Abstract: Briefly introduce the characteristics of Intel XScale and the difference with Intel StrongARM; focus on the structure, function and interface characteristics of PXA250 processor and PCM-7210 single board computer.
Keywords: XScale ARM core PXA250 PCM-7210

1 Introduction
　　Intel XScale microarchitecture provides a new, cost-effective, low-power solution based on ARMv5TE architecture, supporting 16-bit Thumb instructions and DSP expansion. Microprocessors developed based on XScale technology can be used in mobile phones, portable terminals (PDAs), network storage devices, backbone network (BackBone) routers, etc. The Intel PXA250 microprocessor chip is a highly integrated application processor that integrates a 32-bit Intel XScale processor core, multiple communication channels, LCD controller, enhanced storage controller and PCMCIA/CF controller, and general I/O ports.
　　The processing speed of Intel XScale processor is twice that of Intel StrongARM, and its internal structure has also changed accordingly:

The capacity of data cache increased from 8KB to 32KB;

The capacity of the instruction cache increased from 16KB to 32KB;

The capacity of the micro data cache is increased from 512B to 2KB;

In order to increase the execution speed of instructions, the super pipeline structure is increased from 5 to 7 levels;

Added multiplier/adder MAC and specific DSP-type coprocessor CP0 to improve support for multimedia technology;

Dynamic power management enables the XScale processor to reach a clock speed of 1GHz, power consumption of 1.6W, and 1200MIPS.
　　The XScale microprocessor architecture is specially designed, and the core is manufactured using Intel's advanced 0.18μm process technology; it has low power consumption characteristics, and the applicable range is from 0.1mW to 1.6W. At the same time, its clock operating frequency will be close to 1GHz. Compared with StrongARM, XScale can significantly reduce the operating voltage and obtain higher performance. Specifically, in the current StrongARM, the operating frequency can reach 133MHz at 1.55V and 206MHz at 2.0V; after adopting XScale, the operating frequency reaches 150MHz at 0.75V, 400MHz at 1.0V, and 800MHz at 1.65V. The combination of ultra-low power and high performance makes Intel XScale suitable for a wide range of Internet access devices. In all aspects of the Internet, from handheld Internet devices to Internet infrastructure products, Intel XScale has demonstrated satisfactory processing performance.

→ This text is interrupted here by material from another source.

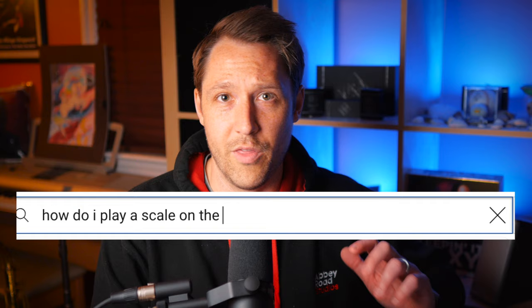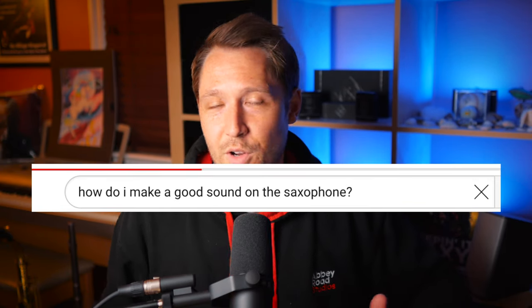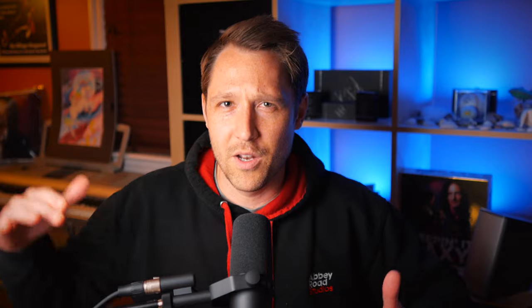Content is basically the easiest one — it's the one we all know. Content is available everywhere. You can go on YouTube and type how do I play a scale on the saxophone, how do I make a sound on the trumpet. Content is available, but the downside is there's no path, no progression. You get a video here and a PDF here and a lesson there, and it's just all over the place. There's that thing called paralysis by analysis. If you type how do I make a good sound on the saxophone, you're going to get thousands of videos. There's nothing really curated, no path for you. It's good to have content, but that's the first level — where you just have information. What do you do with that information though?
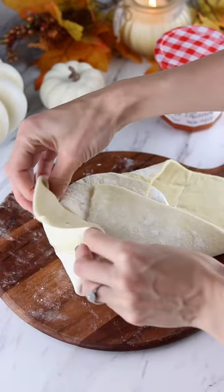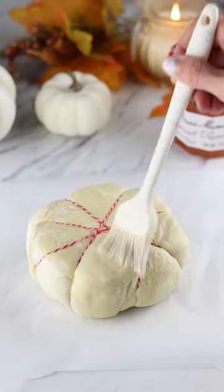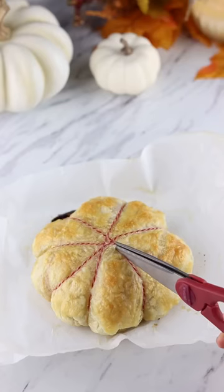Fold up the pastry over the brie, just like you'd wrap a present, then tie it up with some baker's twine all around the pastry. I then brushed it with some egg wash and baked it until it was golden.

2 Structure and features of PXA250

　　The block diagram of the Intel XScale PXA250 is shown in Figure 1. 2.1 Main features of the PXA250 processor

(1) High performance

Low power consumption, high performance 32-bit Intel XScale processor core, operating frequency up to 400MHz;

Compatible with ARMv5TE architecture;

Adopt 7-stage super pipeline structure;

Support multimedia processing technology, using 40-bit accumulator and 16-bit multiplier to enhance the decoding capability of audio and video;

Provides high-performance frame and paging mode interfaces supporting synchronous Intel StrataFlash memory.
(2) Low power consumption

Multiple power management modes;

32KB data and 32KB instruction cache;

2KB tiny data cache;

Supports 2.5V and 3.3V memory.
(3) I/O expansion

100MHz memory bus, 6 static storage spaces (16 or 32-bit ROM (SMROM) / Flash / SRAM), 4 dynamic storage partitions (16 or 32-bit SDRAM);

Supports 2 PCMCIA or Compact Flash slots.
(4) Peripheral Control Module

16-channel configurable DMA controller;

LCD controller, unique DMA mode supporting fast-changing color screen;

920kbps Bluetooth interface;

Serial ports (IrDA, I2C, I2S, AC97, 3 UARTs, SPI and SSP);

USB interface;

Support MMC/SD card.
(5) Clock control
Five clock sources:

32.768kHz oscillator;

3.6864MHz oscillator;

Programmable core phase-locked loop;

95.85MHz peripheral fixed frequency phase-locked loop;

147.46MHz fixed frequency phase-locked loop.
(6) Power management
operation mode (normal processing mode), Turbo mode (running at 400MHZ), Idle mode (power off), Sleep mode (power off).

(7) Package form:
17 mm × 17 mm 256-pin PBGA package.

2.2 Intel XScale Kernel

　　The Intel XScale CPU core uses a super-pipelined RISC processor architecture with an enhanced memory pipeline. This new high-performance, low-power micro-architecture is compatible with the ARMv5TE ISA instruction set (without supporting floating-point instruction sets). This micro-architecture provides instruction and data memory management units, instruction, data and tiny data caches, write buffers, full buffers, suspended buffers and branch target buffers, power management, performance monitoring, debugging and JTAG units, as well as coprocessor interfaces, MAC coprocessors and core memory buses around the ARM core.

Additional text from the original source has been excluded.